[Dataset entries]
▬▬▬▬▬▬
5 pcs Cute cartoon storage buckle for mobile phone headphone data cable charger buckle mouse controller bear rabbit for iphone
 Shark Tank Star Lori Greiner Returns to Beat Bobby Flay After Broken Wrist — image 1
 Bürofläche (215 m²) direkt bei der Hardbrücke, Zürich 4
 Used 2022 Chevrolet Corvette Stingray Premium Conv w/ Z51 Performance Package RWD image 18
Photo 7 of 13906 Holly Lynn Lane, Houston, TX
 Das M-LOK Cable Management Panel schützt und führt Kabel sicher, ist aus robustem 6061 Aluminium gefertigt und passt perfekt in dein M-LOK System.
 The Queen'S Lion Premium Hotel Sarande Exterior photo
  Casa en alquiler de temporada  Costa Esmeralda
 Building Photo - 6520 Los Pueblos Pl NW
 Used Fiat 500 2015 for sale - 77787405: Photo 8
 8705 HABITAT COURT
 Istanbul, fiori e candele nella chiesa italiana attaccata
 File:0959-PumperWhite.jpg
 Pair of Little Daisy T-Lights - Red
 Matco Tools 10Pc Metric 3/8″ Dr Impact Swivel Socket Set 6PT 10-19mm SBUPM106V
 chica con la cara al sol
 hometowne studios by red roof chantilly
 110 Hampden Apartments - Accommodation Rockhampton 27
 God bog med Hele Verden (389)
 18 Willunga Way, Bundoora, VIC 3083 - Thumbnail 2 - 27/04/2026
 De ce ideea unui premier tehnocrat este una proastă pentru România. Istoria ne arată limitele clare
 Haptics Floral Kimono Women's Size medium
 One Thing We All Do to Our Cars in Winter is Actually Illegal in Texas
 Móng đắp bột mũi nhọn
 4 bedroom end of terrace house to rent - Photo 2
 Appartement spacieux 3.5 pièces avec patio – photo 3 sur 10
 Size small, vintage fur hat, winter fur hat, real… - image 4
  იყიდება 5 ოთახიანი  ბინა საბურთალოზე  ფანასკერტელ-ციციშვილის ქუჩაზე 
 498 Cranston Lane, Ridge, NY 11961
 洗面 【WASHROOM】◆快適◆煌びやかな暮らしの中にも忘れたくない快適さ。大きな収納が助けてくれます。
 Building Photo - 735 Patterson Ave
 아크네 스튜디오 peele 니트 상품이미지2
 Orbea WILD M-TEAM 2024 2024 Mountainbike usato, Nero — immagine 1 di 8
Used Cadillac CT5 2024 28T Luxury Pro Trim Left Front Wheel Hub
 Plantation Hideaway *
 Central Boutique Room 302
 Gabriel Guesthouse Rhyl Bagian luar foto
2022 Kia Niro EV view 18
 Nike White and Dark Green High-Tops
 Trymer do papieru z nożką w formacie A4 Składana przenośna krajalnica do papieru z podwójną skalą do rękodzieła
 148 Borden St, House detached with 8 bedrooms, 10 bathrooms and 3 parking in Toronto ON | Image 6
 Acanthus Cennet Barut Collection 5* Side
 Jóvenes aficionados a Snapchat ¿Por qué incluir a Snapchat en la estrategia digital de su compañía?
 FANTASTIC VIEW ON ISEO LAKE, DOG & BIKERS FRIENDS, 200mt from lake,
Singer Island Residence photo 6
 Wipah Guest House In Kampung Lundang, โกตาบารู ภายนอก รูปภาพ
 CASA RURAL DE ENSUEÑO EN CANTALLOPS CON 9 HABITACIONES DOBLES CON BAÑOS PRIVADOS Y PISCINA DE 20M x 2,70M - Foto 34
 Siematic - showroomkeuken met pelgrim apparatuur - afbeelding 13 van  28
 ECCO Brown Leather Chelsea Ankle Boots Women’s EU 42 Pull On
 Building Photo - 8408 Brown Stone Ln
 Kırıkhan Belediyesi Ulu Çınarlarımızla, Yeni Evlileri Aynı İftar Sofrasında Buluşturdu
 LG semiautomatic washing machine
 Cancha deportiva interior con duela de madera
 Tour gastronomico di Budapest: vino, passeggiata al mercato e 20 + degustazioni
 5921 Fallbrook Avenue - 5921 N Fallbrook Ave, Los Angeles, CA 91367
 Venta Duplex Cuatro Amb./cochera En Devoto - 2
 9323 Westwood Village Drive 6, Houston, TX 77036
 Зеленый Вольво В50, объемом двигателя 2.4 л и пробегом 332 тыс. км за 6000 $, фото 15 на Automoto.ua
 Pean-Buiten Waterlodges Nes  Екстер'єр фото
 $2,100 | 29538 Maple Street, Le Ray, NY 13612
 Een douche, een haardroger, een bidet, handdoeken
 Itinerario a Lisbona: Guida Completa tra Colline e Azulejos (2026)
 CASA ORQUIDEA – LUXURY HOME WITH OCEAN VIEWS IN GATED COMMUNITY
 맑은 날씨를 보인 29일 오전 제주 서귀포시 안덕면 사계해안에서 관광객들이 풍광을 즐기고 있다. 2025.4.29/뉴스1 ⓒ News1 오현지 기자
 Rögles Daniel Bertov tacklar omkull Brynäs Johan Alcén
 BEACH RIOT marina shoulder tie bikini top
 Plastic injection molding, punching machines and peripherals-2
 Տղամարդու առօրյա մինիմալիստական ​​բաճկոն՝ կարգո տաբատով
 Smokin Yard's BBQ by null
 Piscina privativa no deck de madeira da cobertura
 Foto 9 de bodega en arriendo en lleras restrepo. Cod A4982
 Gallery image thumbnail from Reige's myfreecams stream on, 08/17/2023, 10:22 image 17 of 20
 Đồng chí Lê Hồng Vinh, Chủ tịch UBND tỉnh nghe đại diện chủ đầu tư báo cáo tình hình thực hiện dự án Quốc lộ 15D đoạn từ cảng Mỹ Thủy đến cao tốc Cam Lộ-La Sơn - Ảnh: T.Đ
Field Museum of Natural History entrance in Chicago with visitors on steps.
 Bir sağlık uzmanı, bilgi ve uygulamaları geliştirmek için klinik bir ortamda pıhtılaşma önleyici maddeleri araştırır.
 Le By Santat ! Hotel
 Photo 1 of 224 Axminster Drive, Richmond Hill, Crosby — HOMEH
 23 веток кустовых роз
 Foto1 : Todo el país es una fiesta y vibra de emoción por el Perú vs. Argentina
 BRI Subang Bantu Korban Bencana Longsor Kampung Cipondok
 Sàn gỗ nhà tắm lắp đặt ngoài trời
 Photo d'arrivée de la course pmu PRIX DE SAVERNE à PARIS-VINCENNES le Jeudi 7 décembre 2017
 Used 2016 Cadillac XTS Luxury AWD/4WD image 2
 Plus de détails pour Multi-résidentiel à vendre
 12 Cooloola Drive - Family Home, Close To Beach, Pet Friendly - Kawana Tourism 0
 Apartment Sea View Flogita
▬▬▬▬▬▬
(Activity): Start copying at the line that contains "Photo d'arrivée de" and stop after the last line of the records, keeping every line exactly.

(Result for this task):
 Photo d'arrivée de la course pmu PRIX DE SAVERNE à PARIS-VINCENNES le Jeudi 7 décembre 2017
 Used 2016 Cadillac XTS Luxury AWD/4WD image 2
 Plus de détails pour Multi-résidentiel à vendre
 12 Cooloola Drive - Family Home, Close To Beach, Pet Friendly - Kawana Tourism 0
 Apartment Sea View Flogita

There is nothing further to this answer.